Don't include any picture when you restate the data word for word.
─── DATASET EXTRACT
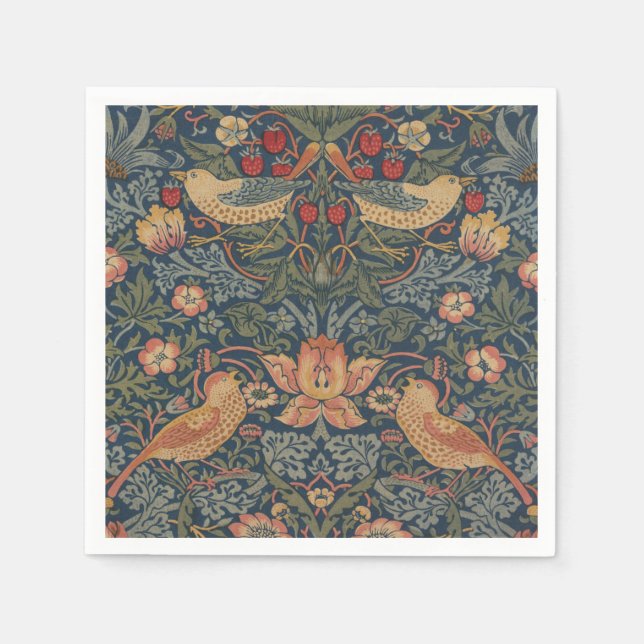 William Morris Strawberry Thieves Birds Napkins (Front)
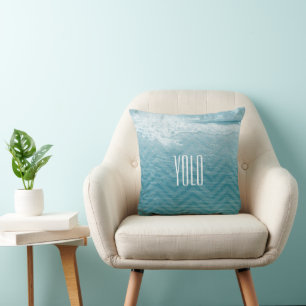 Quote-Personalised Beach YOLO You only live once Cushion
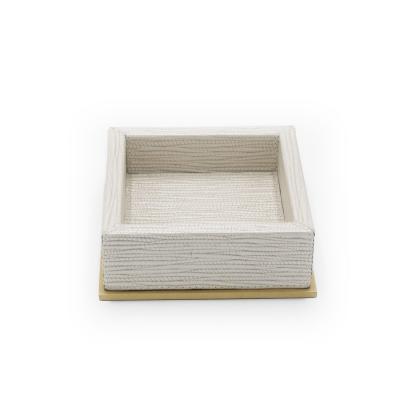 Pearlescent and Gilt metal Square Valet Tray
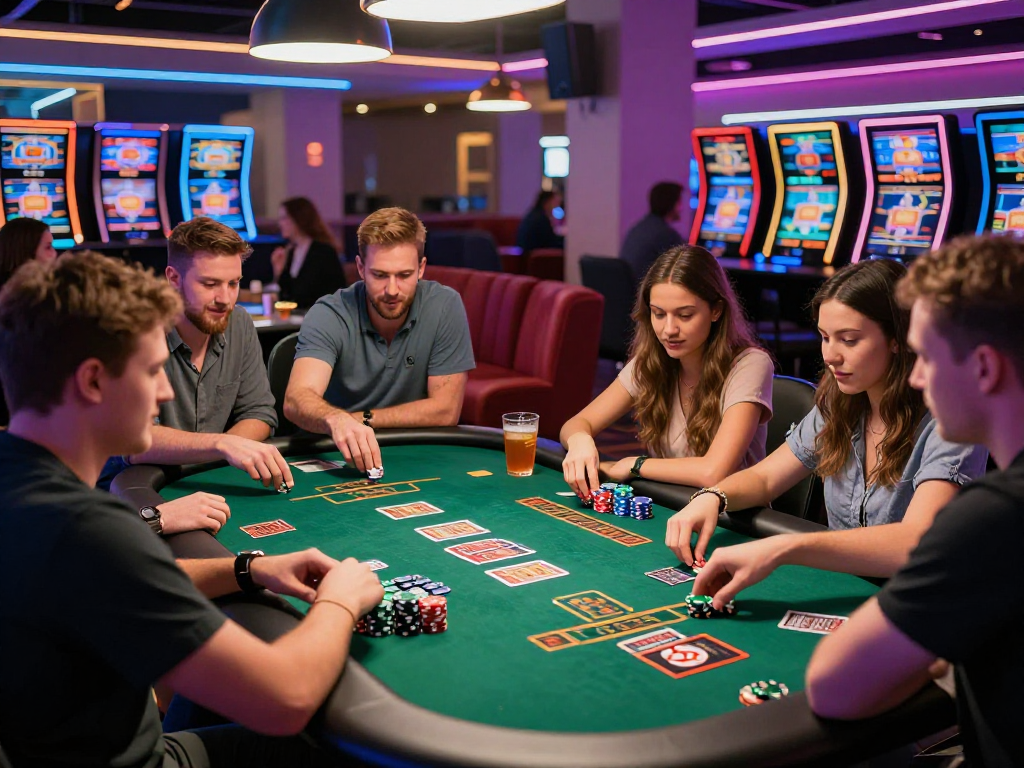 Social group enjoying card games at vibrant uk credit card casinos with neon lights and excitement.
──────
• RESPONSE BELOW:
 William Morris Strawberry Thieves Birds Napkins (Front)
 Quote-Personalised Beach YOLO You only live once Cushion
 Pearlescent and Gilt metal Square Valet Tray
 Social group enjoying card games at vibrant uk credit card casinos with neon lights and excitement.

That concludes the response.